Wikipedia
The Afo-A-Kom (Mbang) is the foremost symbol of the Kom people of the North West Region of Cameroon. The carver of this statue is unknown but it is speculated that Afo-A-Kom was carved by the second traditional leader (Foyn/Fon)of the Kom people in the 1920s.
In the 1960s, the Afo-A-Kom was stolen from its sacred grove at Laikom (the seat of the Kom people, where the Foyn resides) by one of the princes with the help of some elders and sold to a middle man who later on sold it to an art dealer who took it to the United States of America. The Kom people believe that the Afo-A-Kom possesses mystical powers and that shortly after it arrived in the US it began disturbing its new owners by destroying everything around it. Its new owner took it and threw it into the sea but only to get back home and see the Afo-A-Kom. He took it to a New York art gallery where he sold it for circa 15 million CFA, while there; another American Warren M. Robbins, an arts collector saw and recognized it from his visit to Cameroon and raised an alarm. He raised funds together with some Kom elite in the US to purchase from the Manhattan art gallery the bearded icon called Afo-A-Kom, considered sacred by the Kom people which had been taken from the Laikom hill-top village in Cameroon in 1966. Returning the figure, Robbins was welcomed by Nsom Ngwe, the then Fon of the Kom people, the President of Cameroon, Ahmadou Ahidjo among other dignitaries.

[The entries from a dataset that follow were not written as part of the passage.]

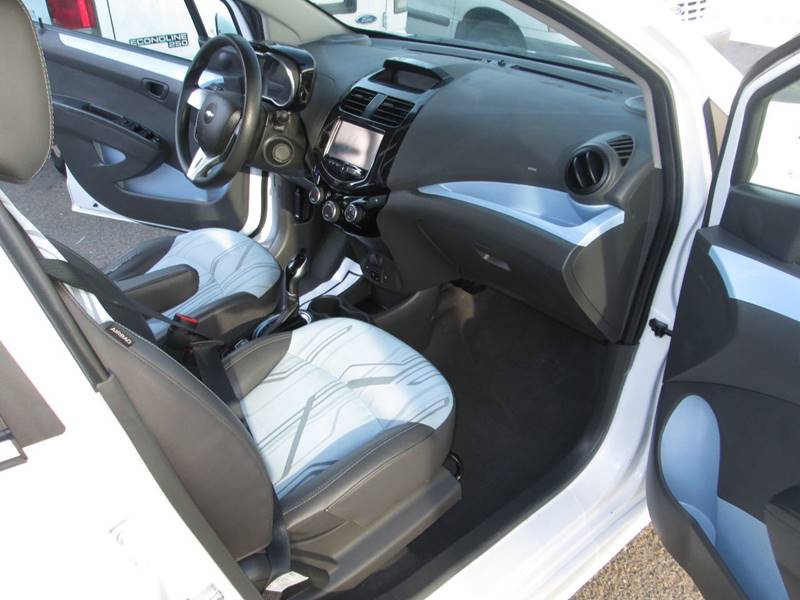 2016 Chevrolet Spark EV 1LT (image 10)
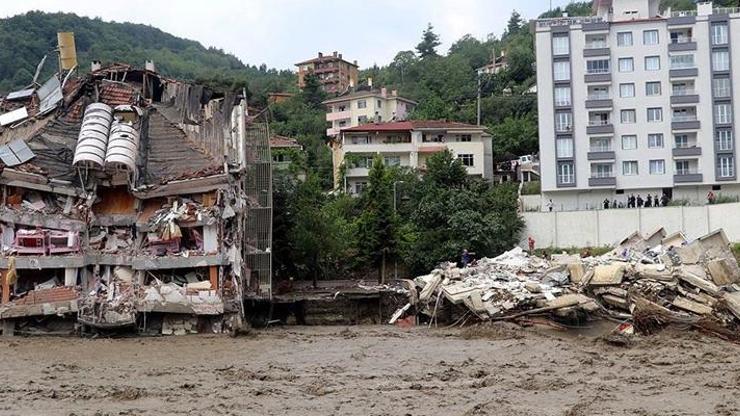 SON DAKİKA HABERİ: Sel felaketinde can kaybı 77ye yükseldi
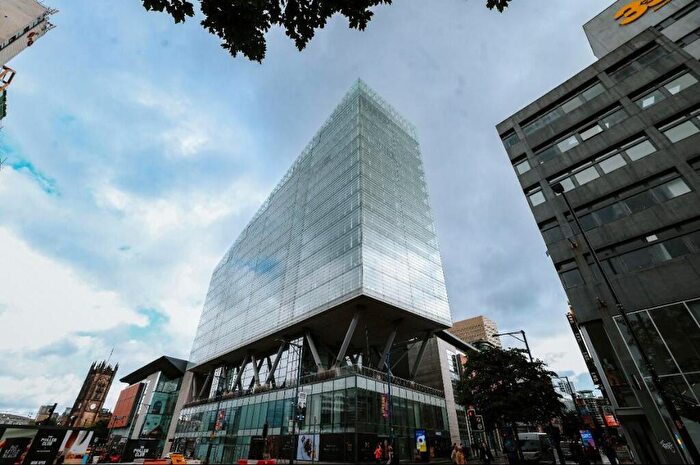 2 Bedroom Apartment For Sale In Deansgate, Manchester, Greater Manchester, M3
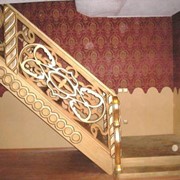 Лестница из сосны “под старину“ фото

During the reception of the statue in Yaounde, Ahidjo suggested to Fon Nsom Ngwe that Mbang be kept in the National Museum in Yaounde but he replied that if the President can provide enough space in Yaounde for him to go and bring the Kom people to stay with it there, then he would accept the president’s proposal. The president found out that the Kom and the Afo-A-Kom were inseparable as such he made it possible for it to be taken back to its habitual residence at Laikom. However, it was briefly put on display at the Tourism Office in Yaounde and later on transported by air to the Bamenda. It was then ferried by a delegation of the dignitaries of the region back to Fundong where it was handed back to the Kom people.
It is now in the Laikom palace where it is put on display annually for the Kom people.